**EXERCISE INSTRUCTIONS**
Beginning with the line below that contains "Stripe Oversized Deep" and ending with the line that contains "vidaXL Ensemble de", copy every line exactly. Copy nothing else.

**TASK INPUTS**
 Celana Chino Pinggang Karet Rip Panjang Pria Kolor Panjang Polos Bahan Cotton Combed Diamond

==

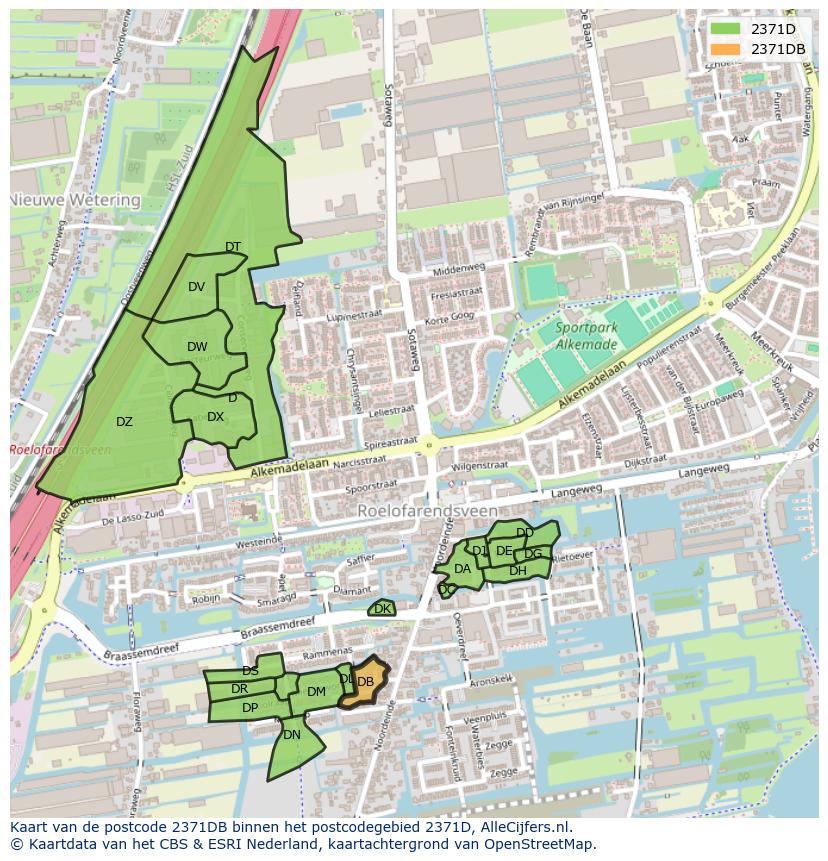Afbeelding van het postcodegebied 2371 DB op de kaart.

---

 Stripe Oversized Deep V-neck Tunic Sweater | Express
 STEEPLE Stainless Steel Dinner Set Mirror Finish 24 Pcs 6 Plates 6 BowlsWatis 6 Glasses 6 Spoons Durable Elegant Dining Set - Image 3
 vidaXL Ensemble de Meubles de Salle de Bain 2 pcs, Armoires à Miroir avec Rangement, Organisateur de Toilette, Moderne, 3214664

**OUTPUT OF THE EXERCISE**
 Stripe Oversized Deep V-neck Tunic Sweater | Express
 STEEPLE Stainless Steel Dinner Set Mirror Finish 24 Pcs 6 Plates 6 BowlsWatis 6 Glasses 6 Spoons Durable Elegant Dining Set - Image 3
 vidaXL Ensemble de Meubles de Salle de Bain 2 pcs, Armoires à Miroir avec Rangement, Organisateur de Toilette, Moderne, 3214664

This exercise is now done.